Tra marzo e aprile del 2020 stavamo proprio conducendo le interviste e confesso che il nostro progetto di colpo si è dovuto misurare con le loro emergenze. Un freno iniziale poi, una volta messo a regime il loro smartworking, tutto ha ripreso a scorrere permettendoci anzi di sfruttare la potenzialità della distanza e accorciando i tempi.

Italia e Svizzera: cosa non vediamo da fuori?
Il tema del confine e del pendolarismo è fortissimo e permea le vite di molti. Il merito della Svizzera è che mondo della scuola e mondo del lavoro sono estremamente collegati, dialogano molto, e soprattutto il loro sistema formativo è snello. Finito il percorso dell’obbligo, è quasi automatico che i giovani facciano un tirocinio o che, ancora di più, utilizzino l’apprendistato che rappresenta il canale in assoluto più diffuso in Svizzera. Per capirci è il sistema duale alla tedesca e in questa zona le realtà degli ITS sono davvero amate dai giovani che riescono a identificarsi subito e bene col mondo del lavoro sia sul piano teorico e formativo che pratico ed economico.

L’apprendistato italiano è un’altra cosa.
La nostra normativa richiede troppe complessità per renderlo appetibile agli occhi delle aziende e negli ultimi decenni si sono susseguite troppe modifiche di legge che lo hanno reso difficile da applicare sul piano burocratico. Diciamo poi che, a parità di costo contrattuale, le aziende preferiscono un contratto a tempo determinato che snellisce il tutto anche perché non viene richiesto loro di individuare procedure o tutor, con tutto ciò di cui dovrebbe farsi carico per gestire l’apprendista. Gli stessi uffici risorse umane interni alle aziende faticano parecchio.

Sul piano strettamente culturale, la Svizzera ha un’altra visione del lavoro?
C’è un gap culturale enorme in Italia: diciamo che la generazione di chi ha oggi 40 anni, e quella dei loro genitori, ha spesso pensato che servisse fare i licei e l’università a tutti i costi ma questa impostazione ha svilito l’idea dello studio affiancato al lavoro. In Svizzera non è affatto così. Del resto anche se penso alla mia formazione è andata così: il liceo e l’università però avevo già capito che mi mancava il contatto da vicino col lavoro e quindi ho fatto un dottorato industriale che è molto simile all’apprendistato: in pratica, mentre studiavo, lavoravo ed è stata la mia fortuna.
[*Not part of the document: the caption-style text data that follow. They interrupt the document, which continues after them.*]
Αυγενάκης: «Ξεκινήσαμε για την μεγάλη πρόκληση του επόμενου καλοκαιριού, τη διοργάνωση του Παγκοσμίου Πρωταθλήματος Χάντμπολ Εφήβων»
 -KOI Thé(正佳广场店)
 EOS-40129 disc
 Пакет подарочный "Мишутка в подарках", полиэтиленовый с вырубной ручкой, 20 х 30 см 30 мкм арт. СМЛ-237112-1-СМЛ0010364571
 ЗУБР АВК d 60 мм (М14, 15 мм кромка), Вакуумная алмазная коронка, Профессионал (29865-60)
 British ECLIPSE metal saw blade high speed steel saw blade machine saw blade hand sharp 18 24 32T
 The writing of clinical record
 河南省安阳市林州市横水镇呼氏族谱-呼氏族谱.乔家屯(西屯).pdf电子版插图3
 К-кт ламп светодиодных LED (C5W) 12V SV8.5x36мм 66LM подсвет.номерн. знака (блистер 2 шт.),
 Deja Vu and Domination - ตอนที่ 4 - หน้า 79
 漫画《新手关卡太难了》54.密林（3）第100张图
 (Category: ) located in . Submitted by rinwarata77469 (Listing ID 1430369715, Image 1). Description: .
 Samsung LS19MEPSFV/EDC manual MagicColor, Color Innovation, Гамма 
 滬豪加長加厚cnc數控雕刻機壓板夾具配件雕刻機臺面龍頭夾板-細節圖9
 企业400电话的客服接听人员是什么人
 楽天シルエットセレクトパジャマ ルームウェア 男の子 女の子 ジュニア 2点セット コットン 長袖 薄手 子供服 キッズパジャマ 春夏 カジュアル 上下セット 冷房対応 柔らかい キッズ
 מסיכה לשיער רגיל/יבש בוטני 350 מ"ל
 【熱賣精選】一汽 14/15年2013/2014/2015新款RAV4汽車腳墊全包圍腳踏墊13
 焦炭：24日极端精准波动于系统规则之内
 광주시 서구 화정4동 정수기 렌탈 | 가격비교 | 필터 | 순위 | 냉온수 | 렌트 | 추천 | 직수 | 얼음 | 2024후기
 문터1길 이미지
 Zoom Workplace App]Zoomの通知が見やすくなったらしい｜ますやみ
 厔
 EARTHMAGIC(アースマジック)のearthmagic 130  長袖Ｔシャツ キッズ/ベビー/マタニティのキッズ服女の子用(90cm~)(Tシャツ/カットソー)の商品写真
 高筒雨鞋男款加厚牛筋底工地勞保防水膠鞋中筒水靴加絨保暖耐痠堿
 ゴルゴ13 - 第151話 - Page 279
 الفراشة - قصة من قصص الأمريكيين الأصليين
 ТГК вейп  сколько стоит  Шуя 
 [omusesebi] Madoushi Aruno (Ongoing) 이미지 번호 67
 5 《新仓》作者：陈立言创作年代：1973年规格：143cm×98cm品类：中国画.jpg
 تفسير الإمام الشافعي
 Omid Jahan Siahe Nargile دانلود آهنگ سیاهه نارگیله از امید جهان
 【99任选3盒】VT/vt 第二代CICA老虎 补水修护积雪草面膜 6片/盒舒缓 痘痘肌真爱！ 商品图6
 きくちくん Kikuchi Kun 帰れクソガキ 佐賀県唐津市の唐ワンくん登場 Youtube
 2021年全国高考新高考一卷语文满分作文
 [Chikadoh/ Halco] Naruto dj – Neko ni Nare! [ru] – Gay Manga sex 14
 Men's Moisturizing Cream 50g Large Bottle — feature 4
Eleonora Paganini è un bell’esempio generazionale di come si possa incarnare seriamente una scelta di vita e di lavoro al confine con sé stessi. Vive e lavora tra i tribunali e le università, continua a fare ricerca ma non molla mai la corda col mondo delle imprese, passa di continuo tra Italia e Svizzera sia fisicamente che per cultura. Transfrontalieri è una parola con molte più metafore di quanto si pensi.